START Data section

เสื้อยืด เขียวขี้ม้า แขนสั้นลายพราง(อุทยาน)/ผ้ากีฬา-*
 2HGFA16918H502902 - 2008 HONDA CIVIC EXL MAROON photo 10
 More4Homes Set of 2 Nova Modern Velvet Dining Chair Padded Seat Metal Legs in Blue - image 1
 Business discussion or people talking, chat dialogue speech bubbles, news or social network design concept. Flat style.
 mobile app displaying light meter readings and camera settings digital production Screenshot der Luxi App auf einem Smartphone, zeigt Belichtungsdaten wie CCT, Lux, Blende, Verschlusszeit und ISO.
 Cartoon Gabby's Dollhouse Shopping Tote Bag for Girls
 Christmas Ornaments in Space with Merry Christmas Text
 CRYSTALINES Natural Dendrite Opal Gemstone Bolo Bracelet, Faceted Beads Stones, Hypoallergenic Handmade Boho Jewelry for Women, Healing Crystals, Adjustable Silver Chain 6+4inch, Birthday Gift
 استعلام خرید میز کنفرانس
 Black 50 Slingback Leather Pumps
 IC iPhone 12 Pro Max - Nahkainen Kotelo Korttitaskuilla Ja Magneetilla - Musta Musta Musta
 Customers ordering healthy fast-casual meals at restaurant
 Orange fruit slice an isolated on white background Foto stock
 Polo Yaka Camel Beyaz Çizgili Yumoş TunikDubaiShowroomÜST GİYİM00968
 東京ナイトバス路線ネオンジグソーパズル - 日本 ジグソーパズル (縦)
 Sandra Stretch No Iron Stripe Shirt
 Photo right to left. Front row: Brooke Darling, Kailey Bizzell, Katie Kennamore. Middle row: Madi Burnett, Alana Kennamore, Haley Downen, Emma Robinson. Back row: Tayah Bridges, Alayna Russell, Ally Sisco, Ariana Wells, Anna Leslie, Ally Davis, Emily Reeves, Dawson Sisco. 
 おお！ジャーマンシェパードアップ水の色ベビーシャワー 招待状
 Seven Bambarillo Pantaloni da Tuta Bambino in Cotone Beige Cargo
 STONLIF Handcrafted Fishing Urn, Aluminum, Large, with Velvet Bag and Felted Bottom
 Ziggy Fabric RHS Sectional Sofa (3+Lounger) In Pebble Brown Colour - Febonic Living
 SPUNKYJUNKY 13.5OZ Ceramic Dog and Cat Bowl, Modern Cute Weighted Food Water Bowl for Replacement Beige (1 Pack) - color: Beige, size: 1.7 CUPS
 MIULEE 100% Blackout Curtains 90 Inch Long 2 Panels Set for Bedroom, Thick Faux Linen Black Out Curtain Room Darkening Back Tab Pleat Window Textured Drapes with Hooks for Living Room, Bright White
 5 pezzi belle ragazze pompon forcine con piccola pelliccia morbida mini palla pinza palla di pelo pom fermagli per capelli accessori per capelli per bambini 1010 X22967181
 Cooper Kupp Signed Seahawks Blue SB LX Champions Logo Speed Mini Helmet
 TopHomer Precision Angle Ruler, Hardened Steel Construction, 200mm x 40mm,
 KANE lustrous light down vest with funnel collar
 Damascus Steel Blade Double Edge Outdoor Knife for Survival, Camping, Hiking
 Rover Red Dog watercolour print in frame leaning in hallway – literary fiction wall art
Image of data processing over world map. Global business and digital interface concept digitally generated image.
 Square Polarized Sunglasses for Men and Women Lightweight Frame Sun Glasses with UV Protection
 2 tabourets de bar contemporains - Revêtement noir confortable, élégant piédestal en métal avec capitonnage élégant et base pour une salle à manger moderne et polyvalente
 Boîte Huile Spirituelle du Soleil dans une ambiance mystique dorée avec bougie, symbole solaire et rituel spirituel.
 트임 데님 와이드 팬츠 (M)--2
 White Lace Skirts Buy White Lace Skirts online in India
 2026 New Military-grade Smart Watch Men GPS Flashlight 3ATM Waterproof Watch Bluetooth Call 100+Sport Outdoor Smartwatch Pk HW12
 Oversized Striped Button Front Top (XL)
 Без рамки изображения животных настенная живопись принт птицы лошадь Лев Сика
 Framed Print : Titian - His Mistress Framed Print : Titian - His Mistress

END Data section

Required action:
Every record must be transcribed exactly, with no line skipped.

Task result:
เสื้อยืด เขียวขี้ม้า แขนสั้นลายพราง(อุทยาน)/ผ้ากีฬา-*
 2HGFA16918H502902 - 2008 HONDA CIVIC EXL MAROON photo 10
 More4Homes Set of 2 Nova Modern Velvet Dining Chair Padded Seat Metal Legs in Blue - image 1
 Business discussion or people talking, chat dialogue speech bubbles, news or social network design concept. Flat style.
 mobile app displaying light meter readings and camera settings digital production Screenshot der Luxi App auf einem Smartphone, zeigt Belichtungsdaten wie CCT, Lux, Blende, Verschlusszeit und ISO.
 Cartoon Gabby's Dollhouse Shopping Tote Bag for Girls
 Christmas Ornaments in Space with Merry Christmas Text
 CRYSTALINES Natural Dendrite Opal Gemstone Bolo Bracelet, Faceted Beads Stones, Hypoallergenic Handmade Boho Jewelry for Women, Healing Crystals, Adjustable Silver Chain 6+4inch, Birthday Gift
 استعلام خرید میز کنفرانس
 Black 50 Slingback Leather Pumps
 IC iPhone 12 Pro Max - Nahkainen Kotelo Korttitaskuilla Ja Magneetilla - Musta Musta Musta
 Customers ordering healthy fast-casual meals at restaurant
 Orange fruit slice an isolated on white background Foto stock
 Polo Yaka Camel Beyaz Çizgili Yumoş TunikDubaiShowroomÜST GİYİM00968
 東京ナイトバス路線ネオンジグソーパズル - 日本 ジグソーパズル (縦)
 Sandra Stretch No Iron Stripe Shirt
 Photo right to left. Front row: Brooke Darling, Kailey Bizzell, Katie Kennamore. Middle row: Madi Burnett, Alana Kennamore, Haley Downen, Emma Robinson. Back row: Tayah Bridges, Alayna Russell, Ally Sisco, Ariana Wells, Anna Leslie, Ally Davis, Emily Reeves, Dawson Sisco. 
 おお！ジャーマンシェパードアップ水の色ベビーシャワー 招待状
 Seven Bambarillo Pantaloni da Tuta Bambino in Cotone Beige Cargo
 STONLIF Handcrafted Fishing Urn, Aluminum, Large, with Velvet Bag and Felted Bottom
 Ziggy Fabric RHS Sectional Sofa (3+Lounger) In Pebble Brown Colour - Febonic Living
 SPUNKYJUNKY 13.5OZ Ceramic Dog and Cat Bowl, Modern Cute Weighted Food Water Bowl for Replacement Beige (1 Pack) - color: Beige, size: 1.7 CUPS
 MIULEE 100% Blackout Curtains 90 Inch Long 2 Panels Set for Bedroom, Thick Faux Linen Black Out Curtain Room Darkening Back Tab Pleat Window Textured Drapes with Hooks for Living Room, Bright White
 5 pezzi belle ragazze pompon forcine con piccola pelliccia morbida mini palla pinza palla di pelo pom fermagli per capelli accessori per capelli per bambini 1010 X22967181
 Cooper Kupp Signed Seahawks Blue SB LX Champions Logo Speed Mini Helmet
 TopHomer Precision Angle Ruler, Hardened Steel Construction, 200mm x 40mm,
 KANE lustrous light down vest with funnel collar
 Damascus Steel Blade Double Edge Outdoor Knife for Survival, Camping, Hiking
 Rover Red Dog watercolour print in frame leaning in hallway – literary fiction wall art
Image of data processing over world map. Global business and digital interface concept digitally generated image.
 Square Polarized Sunglasses for Men and Women Lightweight Frame Sun Glasses with UV Protection
 2 tabourets de bar contemporains - Revêtement noir confortable, élégant piédestal en métal avec capitonnage élégant et base pour une salle à manger moderne et polyvalente
 Boîte Huile Spirituelle du Soleil dans une ambiance mystique dorée avec bougie, symbole solaire et rituel spirituel.
 트임 데님 와이드 팬츠 (M)--2
 White Lace Skirts Buy White Lace Skirts online in India
 2026 New Military-grade Smart Watch Men GPS Flashlight 3ATM Waterproof Watch Bluetooth Call 100+Sport Outdoor Smartwatch Pk HW12
 Oversized Striped Button Front Top (XL)
 Без рамки изображения животных настенная живопись принт птицы лошадь Лев Сика
 Framed Print : Titian - His Mistress Framed Print : Titian - His Mistress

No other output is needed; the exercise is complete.